Friday, April 1, 2011

The Atheist fallacy.

People are sometimes surprised to hear I used to not believe in God.

I think that ultimately my unbelief was a result of not really understanding my faith in the first place. When you don't fully understand a belief it's easy to come up with reasons not to believe in it.

A lot of my friends have become atheists over the past four years. It doesn't bother me as much as it used to, but it's still a shame. It's not their fault. They came from the same faulty system I was caught up in, and I easily could have ended up staying the same. I was saved from that, somehow. God intervened for me and put a situation in my life where I had no choice but to give faith another try. My conclusions about His existence were much different when I relied on myself for my own catechesis instead of Catholic schools.

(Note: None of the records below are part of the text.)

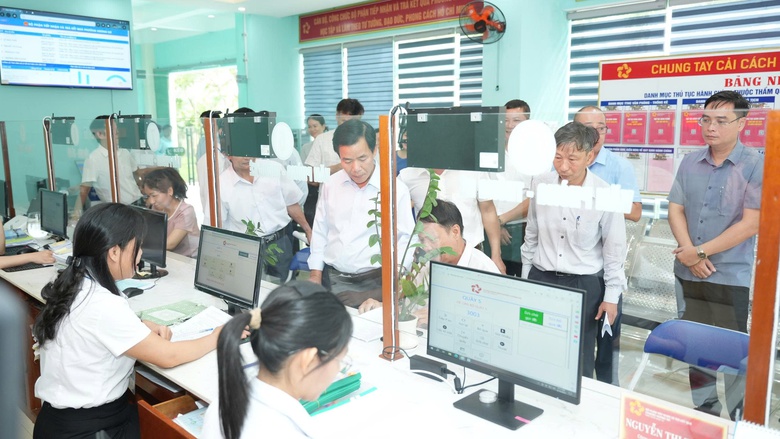 Huế: Nhiều thủ tục về x&acirc;y dựng, giao th&ocirc;ng được giao cấp x&atilde; quản l&yacute;- Ảnh 1.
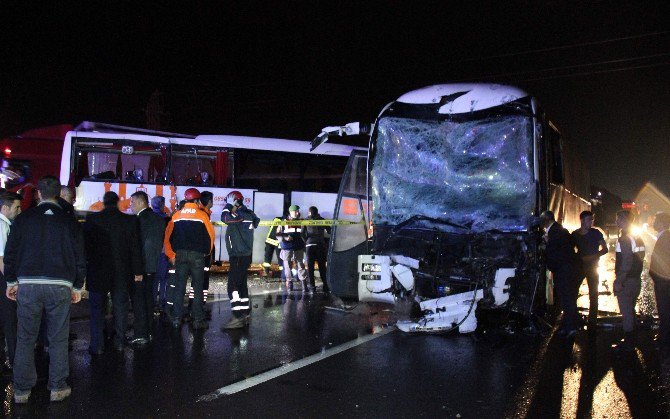 Otobüs Kazasında 2 Kişi Hayatını Kaybetti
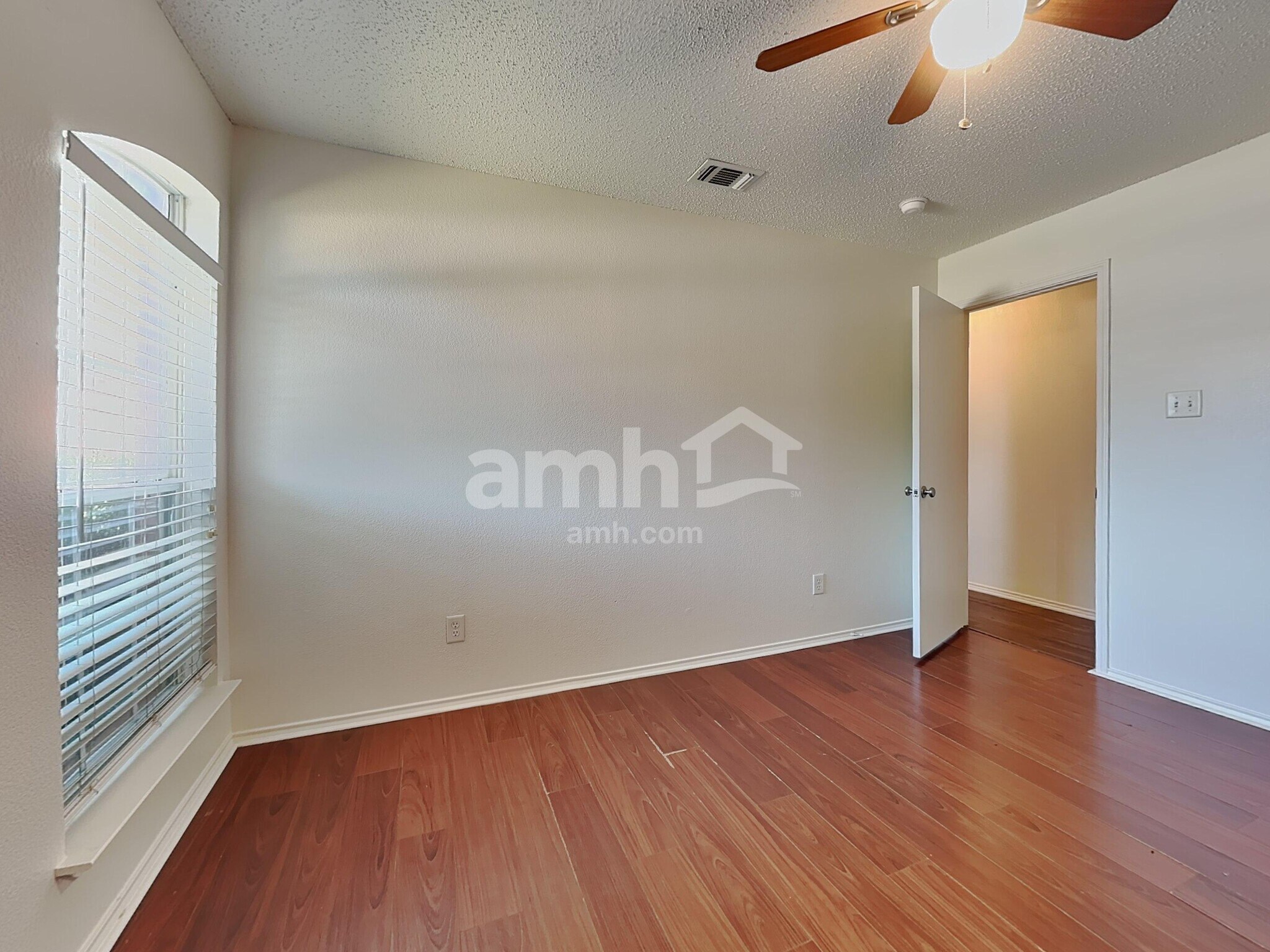 Building Photo - 818 La Sierra Ct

Regardless, I still wish that somehow I could give them a second wind in the faith. My efforts in discussing faith with someone usually end up in them either claiming they already know what I'm trying to tell them, or them getting offended that this is something I want to share with them in the first place.

So, what I would share with them, I shall put here instead. Ultimately, I believe arguments to be a useless gesture in a war that is ultimately a spiritual battle, but regardless, if it proves useful for at least one person, this won't be a waste of time. Also, these are only arguments against atheism — "why Catholicism" is a much longer story for another time.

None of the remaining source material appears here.